'''

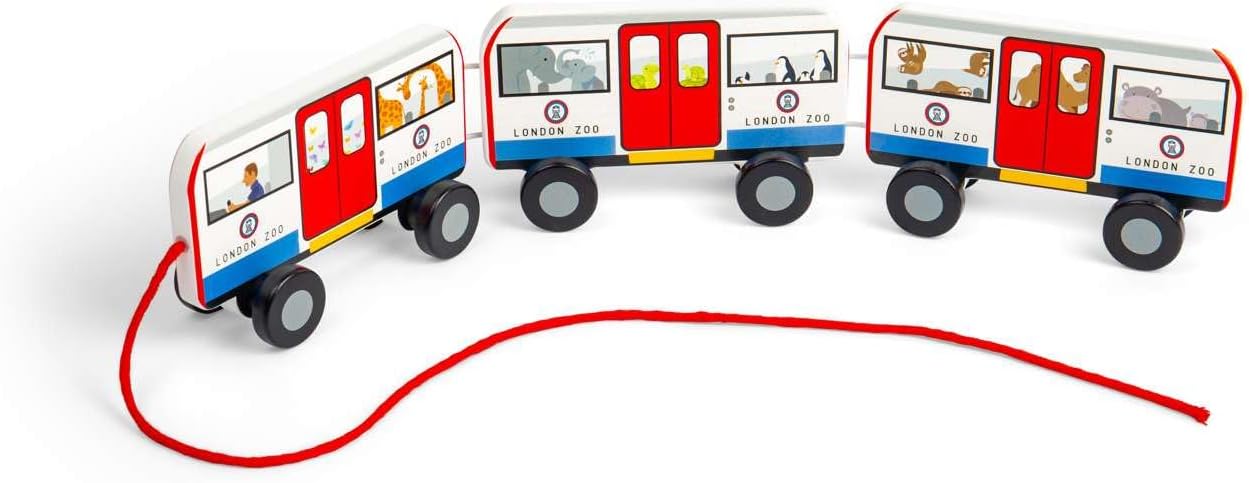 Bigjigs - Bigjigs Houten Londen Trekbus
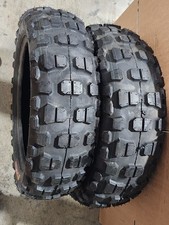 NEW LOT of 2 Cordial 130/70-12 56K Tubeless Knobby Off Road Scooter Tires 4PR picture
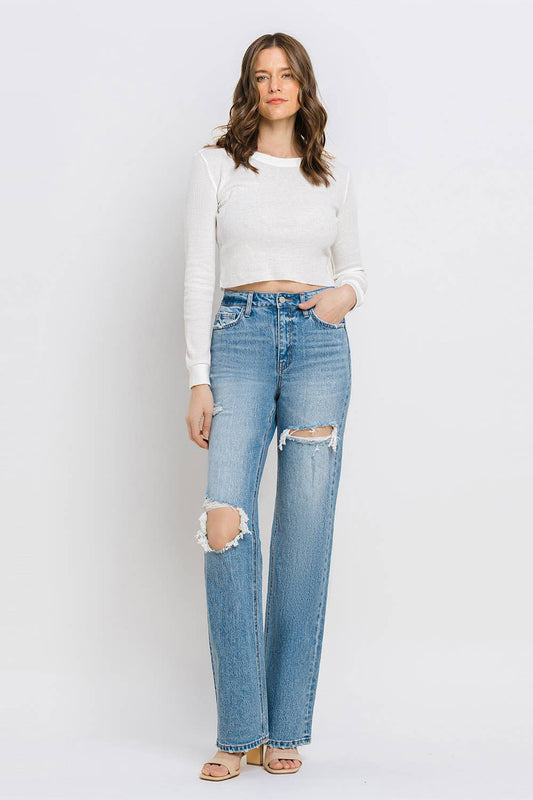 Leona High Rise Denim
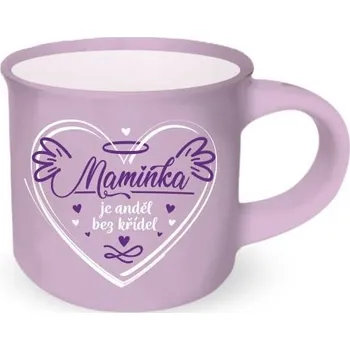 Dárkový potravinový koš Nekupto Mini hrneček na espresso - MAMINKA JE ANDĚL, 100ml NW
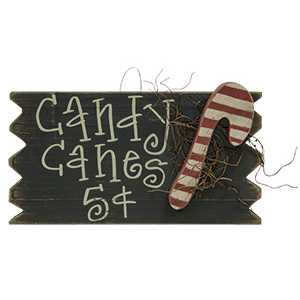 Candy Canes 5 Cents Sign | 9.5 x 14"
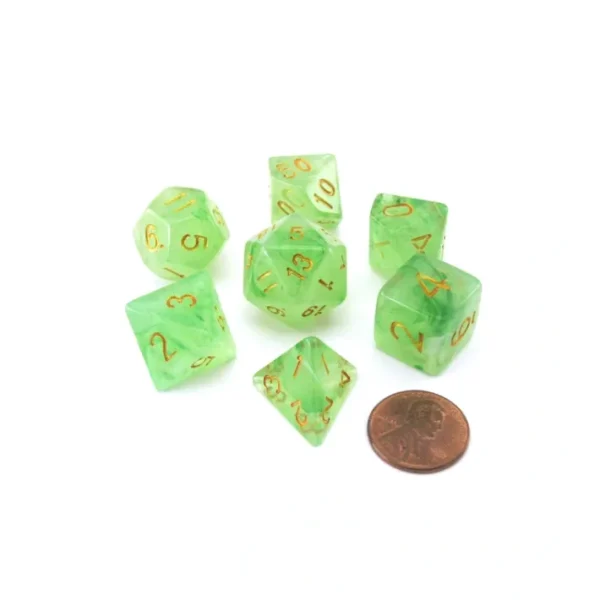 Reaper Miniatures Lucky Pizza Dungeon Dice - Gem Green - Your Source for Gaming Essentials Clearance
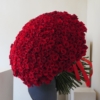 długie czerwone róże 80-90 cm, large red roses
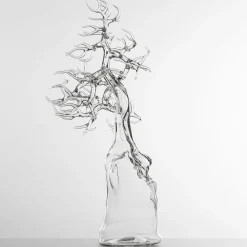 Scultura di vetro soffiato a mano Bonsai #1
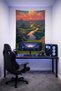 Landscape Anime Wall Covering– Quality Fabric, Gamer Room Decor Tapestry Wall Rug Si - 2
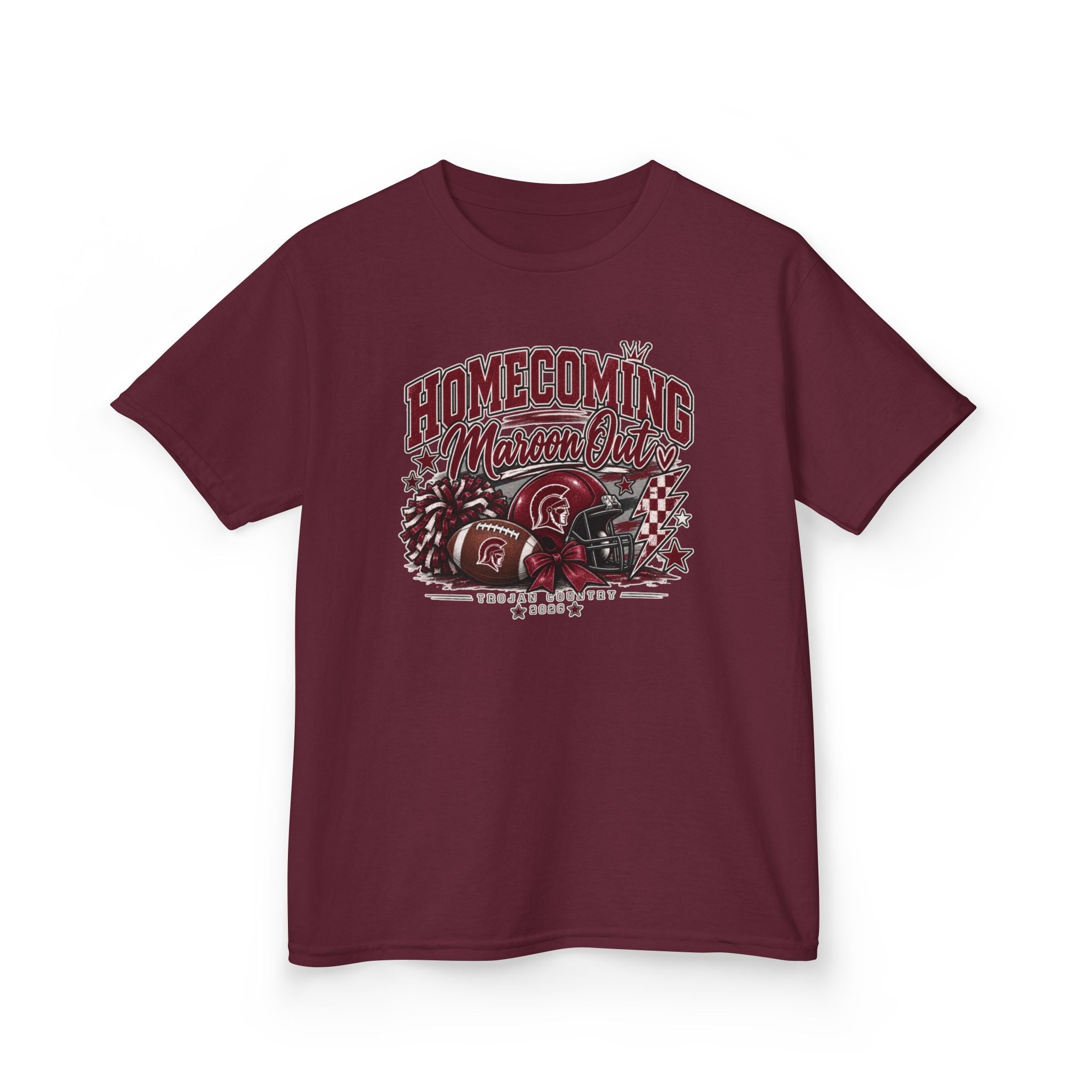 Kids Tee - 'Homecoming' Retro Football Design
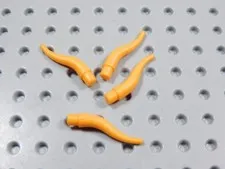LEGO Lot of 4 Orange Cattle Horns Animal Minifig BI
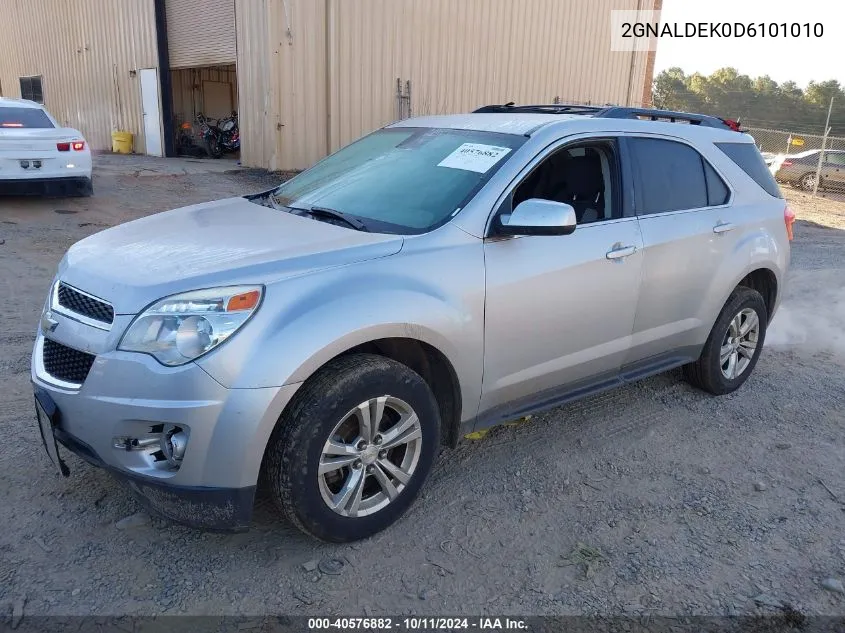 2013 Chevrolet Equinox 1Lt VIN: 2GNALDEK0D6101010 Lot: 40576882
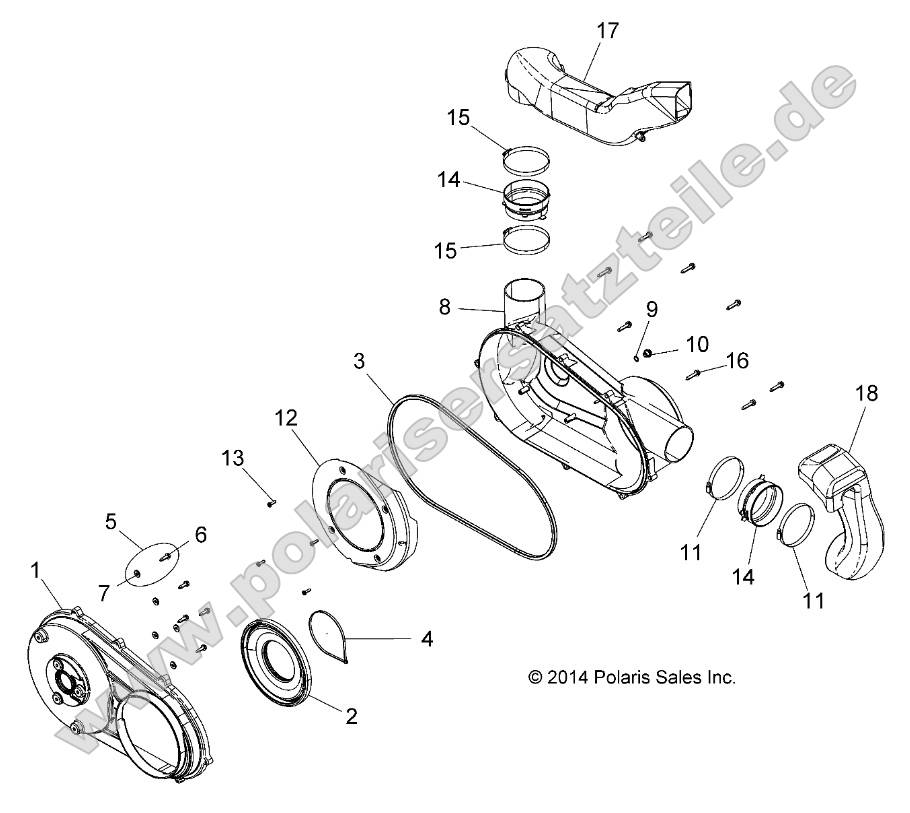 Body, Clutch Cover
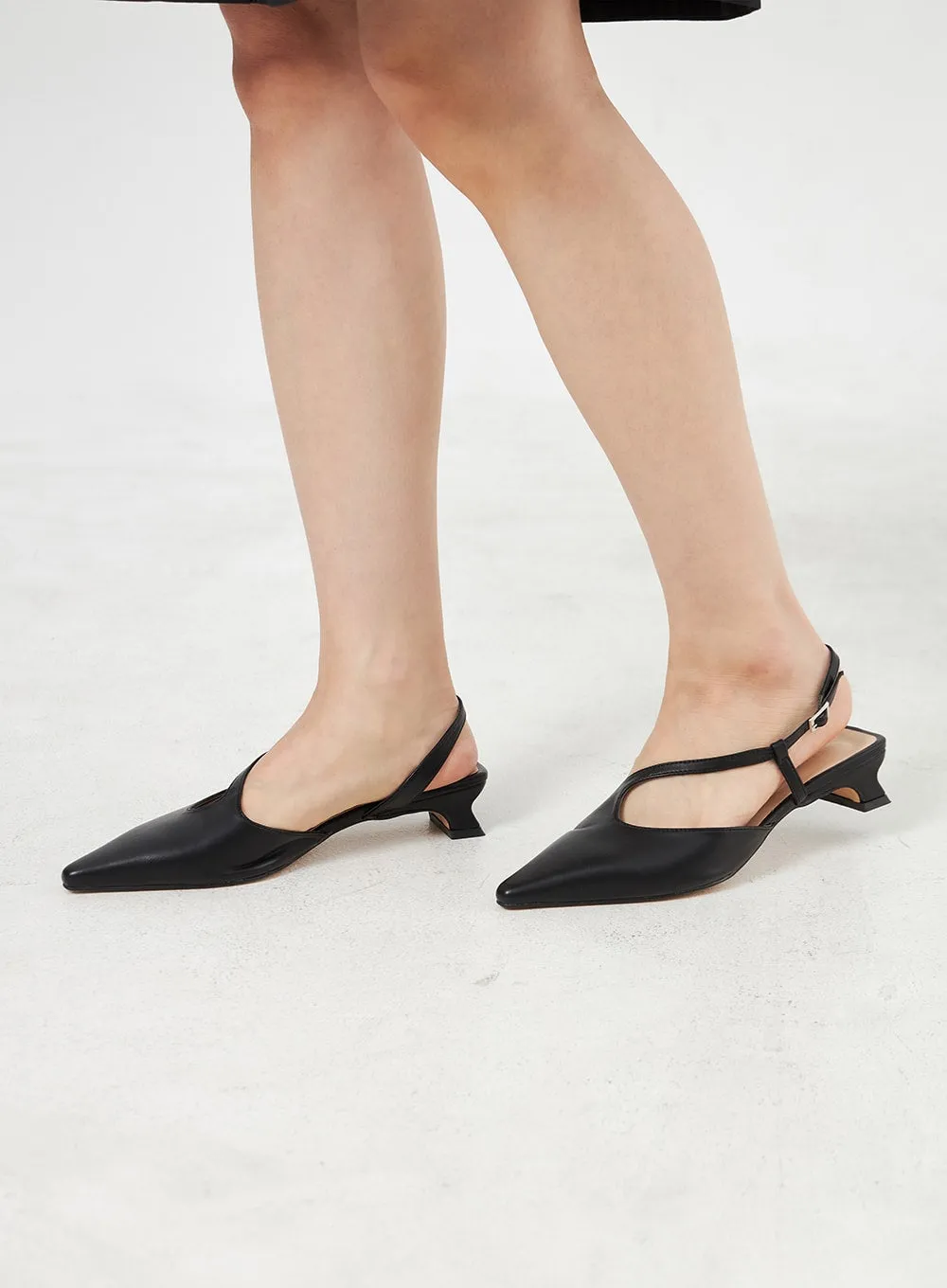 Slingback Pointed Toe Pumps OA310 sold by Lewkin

'''

__Task details__
The pictures are not part of the copy. Retype everything else in the entries exactly.

__Solution to this problem__
 Bigjigs - Bigjigs Houten Londen Trekbus
 NEW LOT of 2 Cordial 130/70-12 56K Tubeless Knobby Off Road Scooter Tires 4PR picture
 Leona High Rise Denim
 Dárkový potravinový koš Nekupto Mini hrneček na espresso - MAMINKA JE ANDĚL, 100ml NW
 Candy Canes 5 Cents Sign | 9.5 x 14"
 Reaper Miniatures Lucky Pizza Dungeon Dice - Gem Green - Your Source for Gaming Essentials Clearance
 długie czerwone róże 80-90 cm, large red roses
 Scultura di vetro soffiato a mano Bonsai #1
 Landscape Anime Wall Covering– Quality Fabric, Gamer Room Decor Tapestry Wall Rug Si - 2
 Kids Tee - 'Homecoming' Retro Football Design
LEGO Lot of 4 Orange Cattle Horns Animal Minifig BI
 2013 Chevrolet Equinox 1Lt VIN: 2GNALDEK0D6101010 Lot: 40576882
 Body, Clutch Cover
 Slingback Pointed Toe Pumps OA310 sold by Lewkin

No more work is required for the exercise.